→ **WORKING DATA**
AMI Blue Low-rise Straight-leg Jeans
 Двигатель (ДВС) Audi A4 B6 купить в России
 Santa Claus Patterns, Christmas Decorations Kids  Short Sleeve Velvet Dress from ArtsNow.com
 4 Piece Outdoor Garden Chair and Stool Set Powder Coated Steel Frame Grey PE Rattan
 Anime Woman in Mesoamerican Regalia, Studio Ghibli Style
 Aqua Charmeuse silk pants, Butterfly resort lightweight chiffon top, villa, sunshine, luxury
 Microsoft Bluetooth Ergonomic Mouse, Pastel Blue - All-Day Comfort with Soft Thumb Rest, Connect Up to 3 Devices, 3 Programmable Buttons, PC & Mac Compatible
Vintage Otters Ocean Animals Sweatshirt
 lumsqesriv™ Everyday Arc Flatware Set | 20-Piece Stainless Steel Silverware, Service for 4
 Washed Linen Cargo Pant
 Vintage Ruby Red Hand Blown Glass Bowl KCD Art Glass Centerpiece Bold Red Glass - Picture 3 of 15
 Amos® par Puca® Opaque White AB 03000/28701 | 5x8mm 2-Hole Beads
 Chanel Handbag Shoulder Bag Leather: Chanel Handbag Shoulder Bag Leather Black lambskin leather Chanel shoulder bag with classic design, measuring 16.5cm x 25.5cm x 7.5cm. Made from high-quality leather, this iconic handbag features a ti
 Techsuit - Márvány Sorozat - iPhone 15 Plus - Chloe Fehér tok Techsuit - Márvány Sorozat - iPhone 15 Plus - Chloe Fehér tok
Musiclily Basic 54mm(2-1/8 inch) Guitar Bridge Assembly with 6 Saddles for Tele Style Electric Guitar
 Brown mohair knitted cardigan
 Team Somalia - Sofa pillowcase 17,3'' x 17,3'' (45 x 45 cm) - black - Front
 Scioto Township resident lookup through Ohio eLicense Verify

→ **HOW TO COMPLETE THIS TASK**
Print the data above exactly as it was provided.

→ **THE ANSWER**
AMI Blue Low-rise Straight-leg Jeans
 Двигатель (ДВС) Audi A4 B6 купить в России
 Santa Claus Patterns, Christmas Decorations Kids  Short Sleeve Velvet Dress from ArtsNow.com
 4 Piece Outdoor Garden Chair and Stool Set Powder Coated Steel Frame Grey PE Rattan
 Anime Woman in Mesoamerican Regalia, Studio Ghibli Style
 Aqua Charmeuse silk pants, Butterfly resort lightweight chiffon top, villa, sunshine, luxury
 Microsoft Bluetooth Ergonomic Mouse, Pastel Blue - All-Day Comfort with Soft Thumb Rest, Connect Up to 3 Devices, 3 Programmable Buttons, PC & Mac Compatible
Vintage Otters Ocean Animals Sweatshirt
 lumsqesriv™ Everyday Arc Flatware Set | 20-Piece Stainless Steel Silverware, Service for 4
 Washed Linen Cargo Pant
 Vintage Ruby Red Hand Blown Glass Bowl KCD Art Glass Centerpiece Bold Red Glass - Picture 3 of 15
 Amos® par Puca® Opaque White AB 03000/28701 | 5x8mm 2-Hole Beads
 Chanel Handbag Shoulder Bag Leather: Chanel Handbag Shoulder Bag Leather Black lambskin leather Chanel shoulder bag with classic design, measuring 16.5cm x 25.5cm x 7.5cm. Made from high-quality leather, this iconic handbag features a ti
 Techsuit - Márvány Sorozat - iPhone 15 Plus - Chloe Fehér tok Techsuit - Márvány Sorozat - iPhone 15 Plus - Chloe Fehér tok
Musiclily Basic 54mm(2-1/8 inch) Guitar Bridge Assembly with 6 Saddles for Tele Style Electric Guitar
 Brown mohair knitted cardigan
 Team Somalia - Sofa pillowcase 17,3'' x 17,3'' (45 x 45 cm) - black - Front
 Scioto Township resident lookup through Ohio eLicense Verify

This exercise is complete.